Erving was the last of Franklin County's 26 towns to be incorporated, having been officially established in 1838. It is named after John Erving of Boston, who was one of the most successful merchants in America.
John Erving's purchase of 11,016 acres of Province, Massachusetts Bay Land in 1751, makes up much of the current town. He also purchased other land that became parts of the towns of Wendell, New Salem and Orange.
The town also consists of Clesson Grant, also know as Field Farm, Quincy Grant and Hacks Grant. The Clesson Grant was made to a garrison soldier form Deerfield named Joseph Clesson and was on of the first areas of town to be inhabited. The Quincy Grant was made to Col. John Quincy, whose granddaughter was the president of John Quincy Adams, who owned a piece of the property until 1825. The Hacks Grant was a source of controversy. It was annexed by Northfield in 1772, then taken back by Erving in 1860, which caused a long and acrimonious battle. The opposition was led by Samuel Holton, whose family owned the property and preferred to remain residents of Northfield, where they had been among the first settlers.
Erving consists of three villages: Erving Center, Farley and Millers Falls, which is also called Ervingside. The portion of Millers Falls lying south of the Millers River is part of Montague. The Ervingside section is best known as a longtime site of the former Millers Falls Company, which produced tools.

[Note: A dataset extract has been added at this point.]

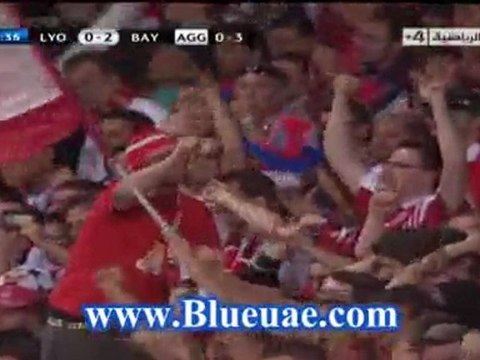 اهداف مباراة اولمبيك ليون وبايرن ميونخ - دوري ابطال اوروبا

Farley was created when D.E. and J.B. Farley and George Monroe came to the area in 1881, bought land on both sides of the Millers River, and built a dam and a pulp factory, which also produce mittens. The industrialists were responsible for building the houses on Maple Street for workers.
Erving's abundance of timber and water power resulted in the production of many wood and wood-based products. The town is still the site of Erving Paper Mill. The Northfield Mountain Pumped Storage Hydroelectric Station, which straddles the town line into Northfield, was built in mid-1960s.